I’m sure it was fun to be back with Bruce, Clarence, Garry, and Danny. The last time you toured with them before that, it was vans and motels. This is a 747 and five-star hotels.
I sat in a couple of shows with Bruce on that tour. And it was great to be around everyone every day. You’re traveling together, you’re having lunch together. You’re watching each other’s shows. When we weren’t onstage, we were checking out the other bands. It was like music camp in a way.
You even played Africa. Most big rock tours never get there.

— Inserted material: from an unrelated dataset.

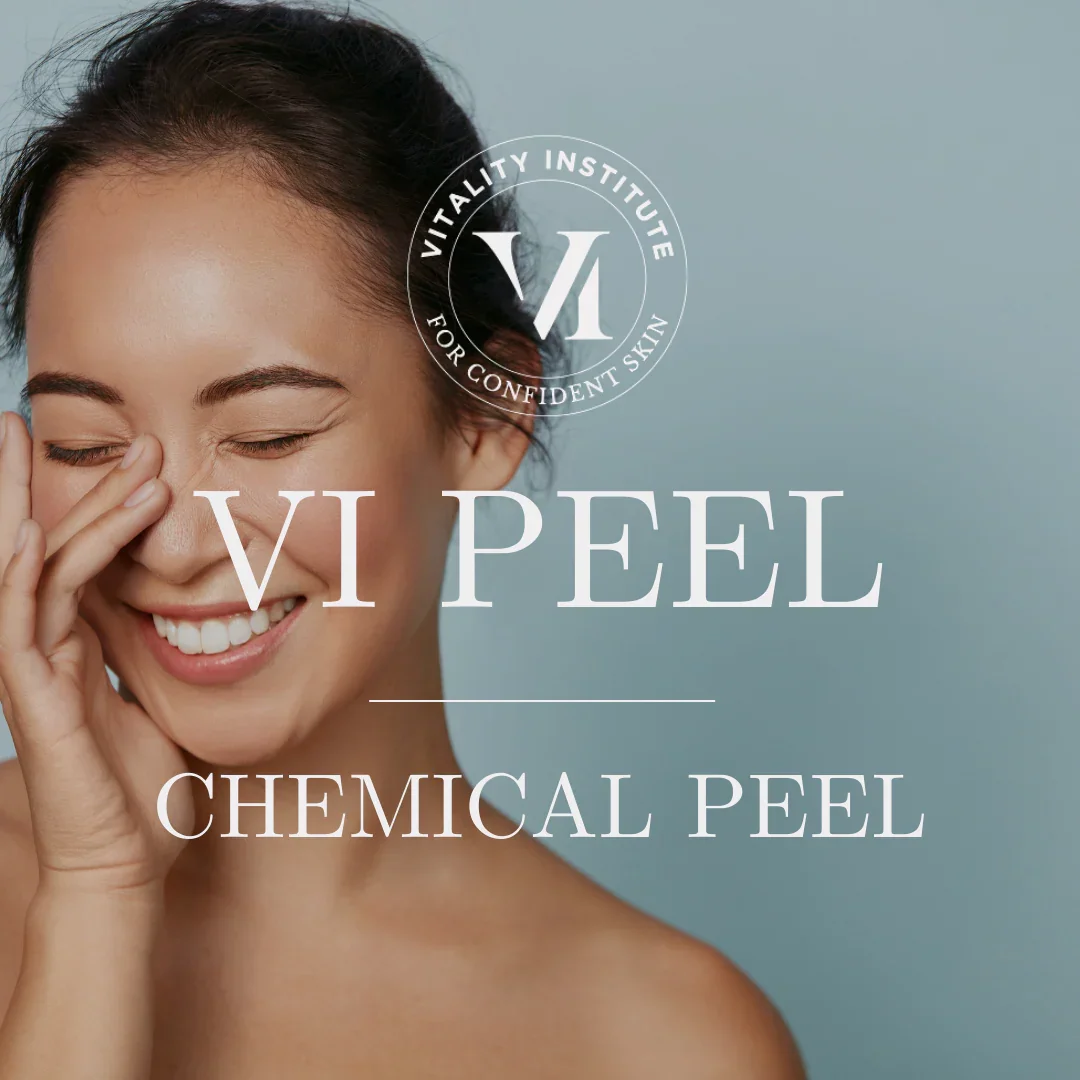 VI Chemical Peels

That was another major moment. It wasn’t my first time in Africa since I’d already gone with Peter. But it was special to be in Africa and to be with those people there. Clarence and I hung out big time in Africa during our days off when we had spare time. We did a lot of shopping and checking out markets. We went to some nature park once and spent the whole day. That was great.
How did you wind up part of Sting’s band after that?

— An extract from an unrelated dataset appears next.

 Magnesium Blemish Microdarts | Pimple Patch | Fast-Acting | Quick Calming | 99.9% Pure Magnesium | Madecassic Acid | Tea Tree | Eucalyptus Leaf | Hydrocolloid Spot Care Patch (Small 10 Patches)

That goes back to when I was playing with Jack Bruce. I met Sting when I was playing in Jack Bruce and Friends. We did a German television show called Rockpalast. On the bill was Jack Bruce and Friends, the Police, and Graham Parker and the Rumour. We get to the studio and we do our soundcheck, we’re looking over and all three of the Police are checking us out during the whole soundcheck and rehearsal. We finish and come offstage and they introduce themselves.
Jack Bruce was a big influence on Sting as a bassist. Jack composed a lot of that music and he also played bass. That same goes with Sting. He introduced himself and we got along great. It was the same kind of thing. Whenever the Police were in America and playing on the East Coast, I’d get a call from John Scher and he invited me to the Police shows. I remember they did Synchronicity at the Meadowlands in New Jersey and I went to that show and hung out with him for a while backstage.
That went on for a while. And I think it had to be 1990. I get a call from Sting’s bass tech, Danny Quatrochi. He goes, “Sting wants to know if you’re available to come to Italy and do some recording.” Kenny Kirkland was in the band, but he’d gone missing and Sting really wanted to finish his record. He asked me if I could get on a plane real quick and come to Italy and finish off any recordings.
I was very excited about that. I said, “Yeah, right away.” I went to Italy and finished about three or four songs for what became The Soul Cages. The session was great. And then I was in London doing another session with [guitarist] Dominic Miller and Pino Palladino on bass and Vinnie Colaiuta on drums. I got a call from Sting’s manager saying that Sting wanted to know if I was available to have dinner with him that night. I said, “Yeah.”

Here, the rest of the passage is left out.